September 17 2009.
Today was a wonderful one- full of sunshine and smiles. I lay on the grass and read of religious wars in 16th century Paris (ao sensual and bizarre, I’m sorry I missed it), drank a little bottle of apple juice, like old times, went to art class in the morning and drew a car that drove away, went to wars in the evening and fell in love with Tabetha all over. At night, Ben and Liza and I went for sushi, a gorgeous seaweed salad, and coming back to campus, I saw an airplane but thought it was a falling star.
And even though there’s that scattering of spider bites from lying among ferns and katydids behind the bunny ears (bunny years?) and (still) those nail marks, and that terrible sunset amoeba-bruise and the awkward sunburn (of course), it’s all okay, I’m so very happy here.

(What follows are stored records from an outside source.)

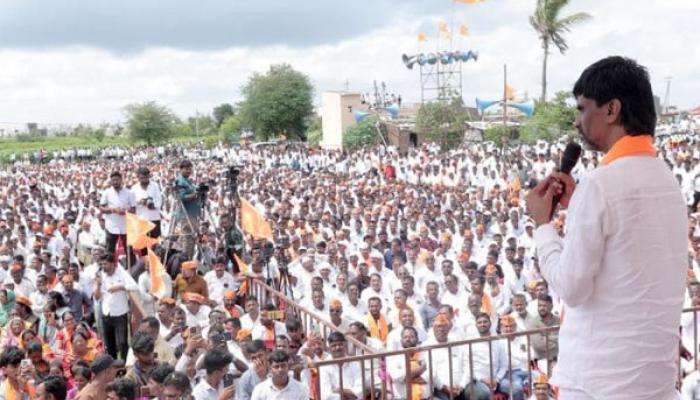 मराठा आरक्षणाच्या प्रश्नावर सरकारकडून संभ्रम निर्माण करण्याचा प्रयत्न; अफवांवर विश्वास ठेवू नका, मनोज जरांगे-पाटील यांचे आवाहन, कवठेमहांकाळ येथे सभा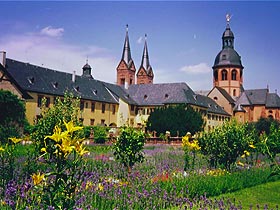 Klostergarten der ehemaligen Benediktinerabtei Seligenstadt (Foto H. Mänicke, Juli 1991)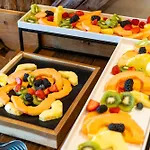 Querceto Wellness & By Double Hospitality Отель Мальчезине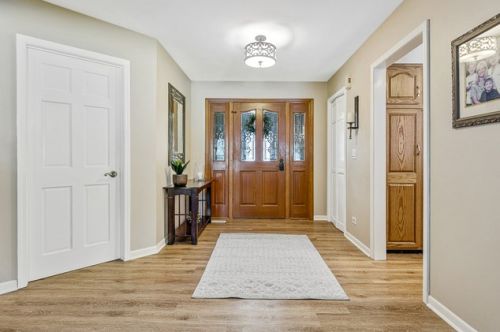 341 Fairway View Dr, Barrington Hills, IL 60102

I have to take all these words and pull a story out soon. It won’t be the same under hard eyes and fingers, but it’s got to be. The future is so close, I wish I could hold it. Tonight is goosebump-cold and full of stars. I want to kiss you. But I’m okay being miles away from everything I ever knew, all that reaching to drop letters into the red postboxes, squeezing my eyes shut over bridges, falling in and out of water, that sewing scissors I never saw again after that night, all those diaries my mother read. My battleaxe and barndoor pushing me over the edge.
I wish that people will stop projecting onto me, that everyone would just understand everyone else...and, of course, that wonderful people didn’t just leave me, but there’s always been this pattern of abandonment. So I let myself dwell a little in soft and sad moments, and then move on with breaths so deep I’ll drown.
But right now I’m wishing that I can just convince her to spend one sun-drenched afternoon with me before the winds grow bitter and we’re stuck having picnics on the crackhouse kitchen floor in some far-reaching pretend… and I don’t know whether to put that in the former category, but I’ll leave it for now.
(I’m listening to Sigur Ros again; they make everything exquisite.)
And all the same, I overcome. Here I am, and was, and will be, happily reading press releases about my daddy and drinking milky coffee, and then heading to the library to make posters for a group of kids who loiter in my doorway all the time, asking me silly things about laundry and hanging things and research and how to find another guitar string and whether we can all make pancakes in the shapes of mickey mouse and dinosaurs together again in the PM, and it’s okay because although I yearn for desolate cities, I like it for now, it’s something. And until winter breaks, I’ll stay here, cooking and cleaning and thinking and collecting big, beautiful empty jars, and threading my rosary through my fingers until I can feel the echo of the Hail Marys in my ears and head and heart.
Anna and I are going to press lavender and make tea, and I may go to mass this Sunday.